**EXERCISE DIRECTIONS:** Give the listing again, word for word, and let no picture into it.

**SUPPLIED DATA:**
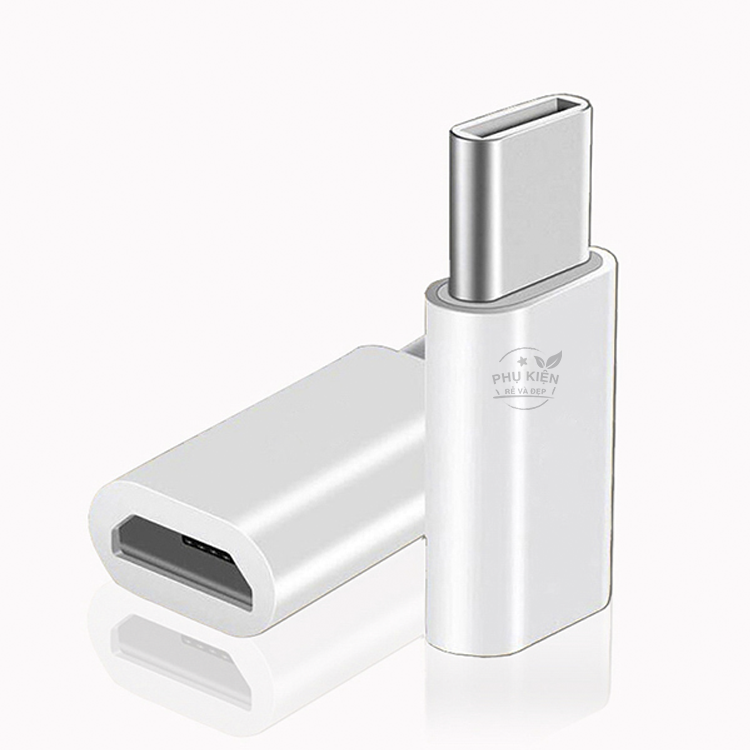 [HCM]Đầu chuyển đổi từ Micro usb (Cái) sang Type C (Đực)
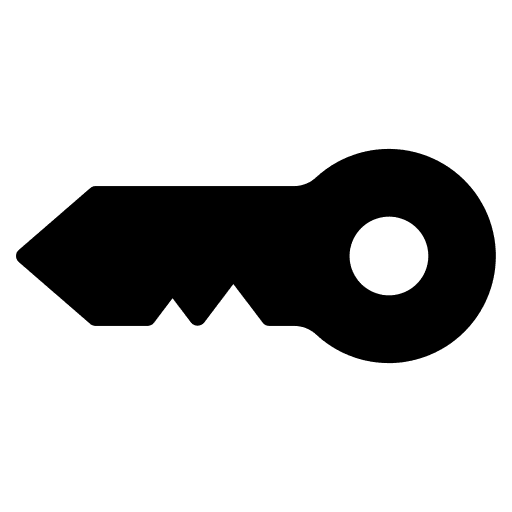 Key access passkey key icon Key access passkey key icon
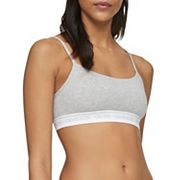 Calvin Klein CK One Cotton Unlined Bralette Strawberry Shake QF5727 - Free  Shipping at Largo Drive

**RESPONSE TO THIS TASK:**
 [HCM]Đầu chuyển đổi từ Micro usb (Cái) sang Type C (Đực)
 Key access passkey key icon Key access passkey key icon
 Calvin Klein CK One Cotton Unlined Bralette Strawberry Shake QF5727 - Free  Shipping at Largo Drive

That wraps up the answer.